Five plays later, Connecticut's Jordan Todman rumbled 43 yards for a score.

Thus it was all afternoon. Michael Floyd fumbles in the red zone. The kickoff team allows a 96-yard runback for a touchdown.
"When our coaches get in front of you guys, they take the brunt of it," said special teams dynamo Mike Anello. "But it's our fault."

Then Anello lapsed into imagery quite redolent to anyone familiar with the school's Catholic background. "[The coaches] are getting nailed to the cross," said Anello. "I feel just really disappointed in all of us players. We let those guys down."

Before the game Weis marched into Notre Dame Stadium literally arm-in-arm with his team, at the request of his players. "I looked at [center Eric] Olsen, had a couple of choice words for him," Weis said with a smile. "Because it was probably his idea.
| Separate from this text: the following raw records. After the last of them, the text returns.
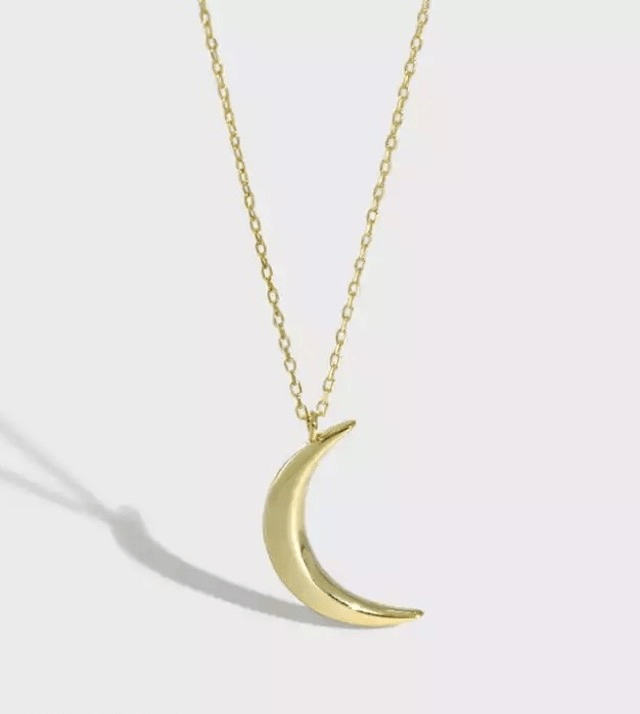 one sea S925 moon necklace (N207)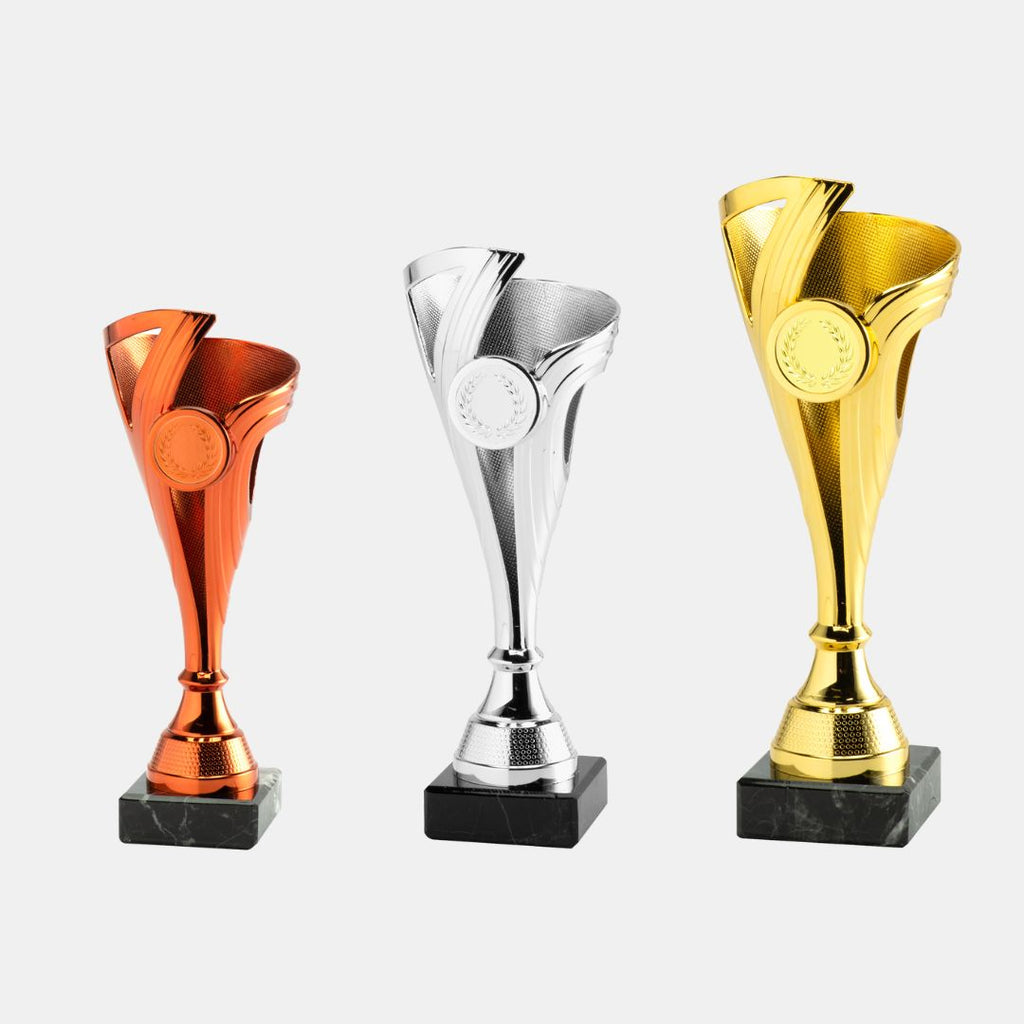 Pokal "Julia" in Gold/Silber/Bronze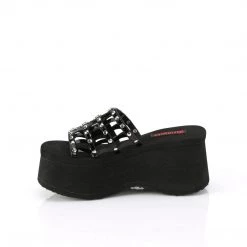 Demonia FUNN-13 Black Patent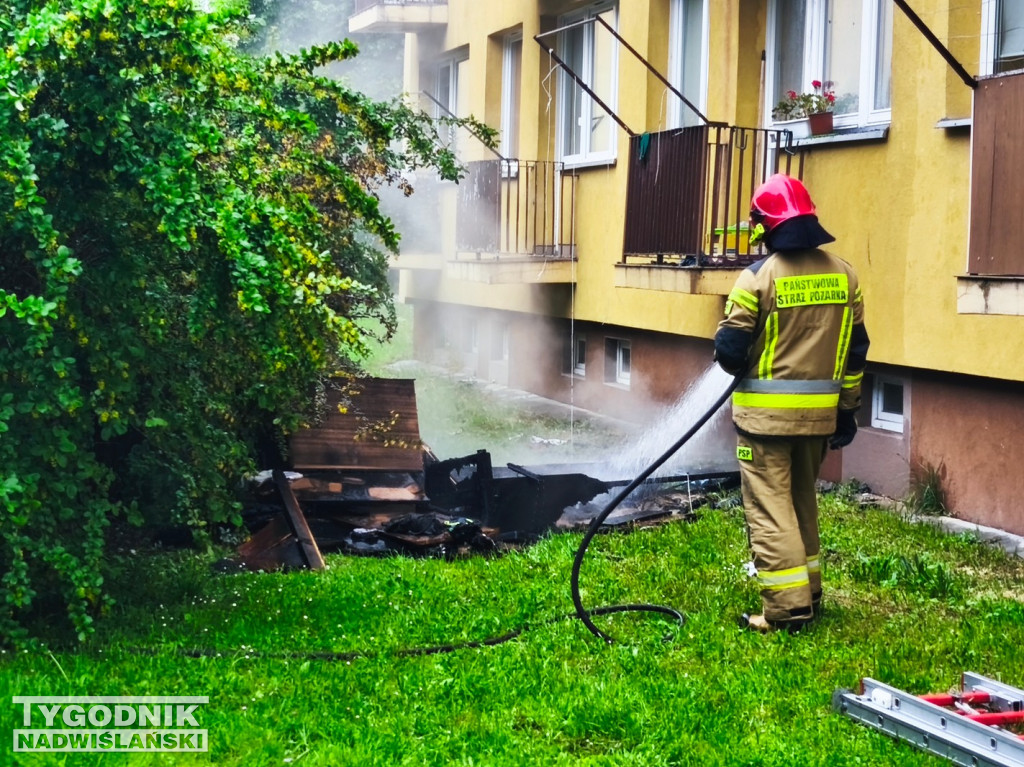 Pożar mieszkania na ul. Matejki w Tarnobrzegu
But it was nice that they wanted to do that."

You cannot place scholarship athletes on waivers. You can only fire the head coach, and that is imminent. Unconfirmed reports have a well-heeled alum whose son is a former Notre Dame football player on the hook to buy out Weis' contract. The two favorites in the search are reportedly Cincinnati's Brian Kelly and Northwestern's Pat Fitzgerald. The latter is on record as saying that he is quite content coaching at his alma mater. On the other hand, Notre Dame did quite well by itself the last time it hired a coach from the Evanston institution (Ara Parseghian).

The confusion of the Bush Push, the disbelief at the loss -- excuse me, losses -- to Navy, the enmity at the numerous underwhelming efforts, all is in the past. Weis, if you take the players at their word, has never lost his team. Only games. Exhaustion envelops this program as it seems to battle each Saturday, for what feels like forever now, to justify the massive attention that it receives, to return to the place of prominence it once deserved, but no longer does.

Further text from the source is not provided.